Former GAA President Liam O'Neill said "better choices" needed to be made regarding the screening of live championship games on free-to-air television amid the ongoing controversy surrounding the GAAGO pay-per-view platform.
Tánaiste Micheál Martin said on Monday that the decision to broadcast championship games on a pay-per-view basis should be reviewed, saying that all GAA games should be shown free-for-air.
Minister Martin had been asked to comment on the fact that the weekend's Munster SHC game between Cork and Tipperary was shown on GAAGO, a joint venture between the GAA and RTÉ. The previous Saturday, the streaming platform had also broadcast the Limerick-Clare Munster SHC game, in which the All-Ireland champions were defeated.
The GAA's five-year broadcast rights deal, announced last October, saw RTÉ retain 31 live championship matches, while GAAGO was granted exclusive rights to 38 games: 22 football championship games, nine from the hurling championship and seven Tailteann Cup games.
O'Neill, who served as GAA President from 2012 to 2015, during which GAAGO was launched and the association signed its first broadcasting rights deal with Sky Sports, said "better choices" needed to be made around coverage.
"It's very easy to say that all games should be free-to-air," O'Neill said on RTÉ Radio 1's Morning Ireland.
"We have 15 games next weekend. No television station could cover all those. And indeed, not every game is probably worthy of being put on national television.

"GAAGO was first introduced along with the Sky deal a number of years ago. I was part of that decision. It was for overseas people who wanted to access the games and it worked very well.
"It was a pay-per-view situation, as it is now. But there was no great controversy because it was people outside Ireland who were paying it.
"The GAA decides which broadcasters get games, it's the broadcaster that decides which games are put on.
"The solution is simple. RTÉ prioritise the games as they come and do not leave out important hurling games out of the schedule. GAAGO will work really well if the important games are given priority (on RTÉ) and GAAGO broadcast the games that wouldn't otherwise get coverage if it wasn't there.
"If I was in RTÉ and the GAA, I would look at the schedule now and make sure this doesn't happen again. You have to learn from your mistakes. I'm not putting blame here, I'm just saying mistakes were made.
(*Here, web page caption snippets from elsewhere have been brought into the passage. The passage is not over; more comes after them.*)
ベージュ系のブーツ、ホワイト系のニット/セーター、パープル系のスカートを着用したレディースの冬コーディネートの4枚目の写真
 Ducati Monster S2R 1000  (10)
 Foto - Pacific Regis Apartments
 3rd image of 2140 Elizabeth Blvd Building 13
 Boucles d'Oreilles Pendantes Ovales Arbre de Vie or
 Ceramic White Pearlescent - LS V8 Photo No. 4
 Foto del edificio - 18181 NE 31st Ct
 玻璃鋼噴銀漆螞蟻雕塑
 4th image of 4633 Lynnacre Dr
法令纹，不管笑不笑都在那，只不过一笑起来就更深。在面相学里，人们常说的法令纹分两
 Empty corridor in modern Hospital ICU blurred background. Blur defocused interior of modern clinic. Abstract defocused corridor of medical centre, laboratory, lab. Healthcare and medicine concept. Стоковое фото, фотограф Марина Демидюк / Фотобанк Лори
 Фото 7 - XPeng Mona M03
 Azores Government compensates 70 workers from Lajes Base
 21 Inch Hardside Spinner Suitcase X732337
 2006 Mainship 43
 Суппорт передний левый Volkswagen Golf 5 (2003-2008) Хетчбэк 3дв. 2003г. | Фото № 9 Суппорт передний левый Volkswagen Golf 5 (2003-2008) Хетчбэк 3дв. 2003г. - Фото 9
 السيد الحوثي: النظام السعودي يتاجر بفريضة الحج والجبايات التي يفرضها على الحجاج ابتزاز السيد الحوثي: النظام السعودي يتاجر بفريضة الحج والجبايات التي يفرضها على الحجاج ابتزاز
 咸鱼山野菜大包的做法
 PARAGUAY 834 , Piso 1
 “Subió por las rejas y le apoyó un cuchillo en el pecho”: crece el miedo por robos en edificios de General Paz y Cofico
We lost two great hurling games and we can't afford to do that again."

While the early weeks of the championship has seen a large number of high profile hurling games screened on the platform, in a fortnight's time this switches to football.
On the opening weekend of the All-Ireland group phase on Saturday 20 May, the Kerry-Mayo match from Fitzgerald Stadium and the Galway-Tyrone game from Pearse Stadium will be shown on GAAGO. The same weekend, RTÉ will screen a Munster hurling double-header involving Tipperary-Limerick and Clare-Cork on Sunday 21 May.
"They shouldn't be behind the paywall," O'Neill said of the upcoming games. "But - and I'm speaking in favour of RTÉ here - you can't cover every game.
"Years ago, we didn't have games on television and this controversy wasn't there. Now it's there because we have the choice and choices have to be made.
"And I think better choices have to be made and I think in view of this controversy, better choices will be made.
"Streaming is good if you have good broadband. Unfortunately, the Tánaiste didn't mention this, I live in rural Ireland and we have very poor internet coverage. That was a factor at the weekend too.
"We were watching the dots going around in the middle of the screen and it just wasn't good enough."